Hey Matt, I've got what I think is a fix in my fork on branch issue_57_fix. It's actually a one-liner, https://github.com/cbusbey/quickfixn/compare/issue_57_fix. I need to whip up some unit tests before submitting a pull request, but if you have the resources to test the fix, by all means give it a shot.

mjwood7 commented 12 years ago

Chris, I probably won't be able to test it until Monday, but I'll let you know how it goes.

-Matt

On Fri, Apr 27, 2012 at 3:28 PM, Chris Busbey reply@reply.github.com wrote:

Hey Matt, I've got what I think is a fix in my fork on branch issue_57_fix.  It's actually a one-liner, https://github.com/cbusbey/quickfixn/compare/issue_57_fix.  I need to whip up some unit tests before submitting a pull request, but if you have the resources to test the fix, by all means give it a shot.


Reply to this email directly or view it on GitHub: https://github.com/connamara/quickfixn/issues/57#issuecomment-5388619

gbirchmeier commented 12 years ago

Hi Matt, let us know when you've had a chance.

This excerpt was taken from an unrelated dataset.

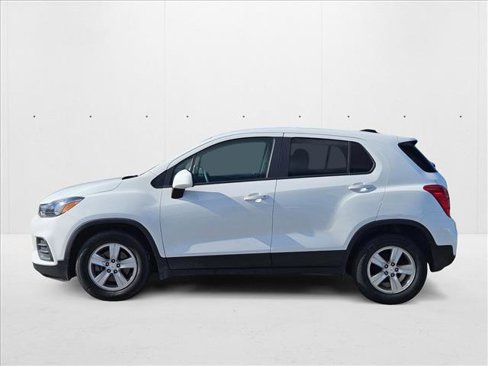 Used 2022 Chevrolet Trax LS w/ Tint and Cruise Package image 8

Will merge as soon as you confirm.

mjwood7 commented 12 years ago

I should know by tomorrow afternoon. I'll keep you posted.

mjwood7 commented 12 years ago

So far this looks good. I'm confident this is fixed however I'm going to continue monitoring till after the end of the production day, when we receiving a sharp increase in volume (even more so than at the start of the day).

cbusbey commented 12 years ago

Wunderbar. Thanks again for following up with the issue, Matt.

mjwood7 commented 12 years ago

yeah seems to be fixed.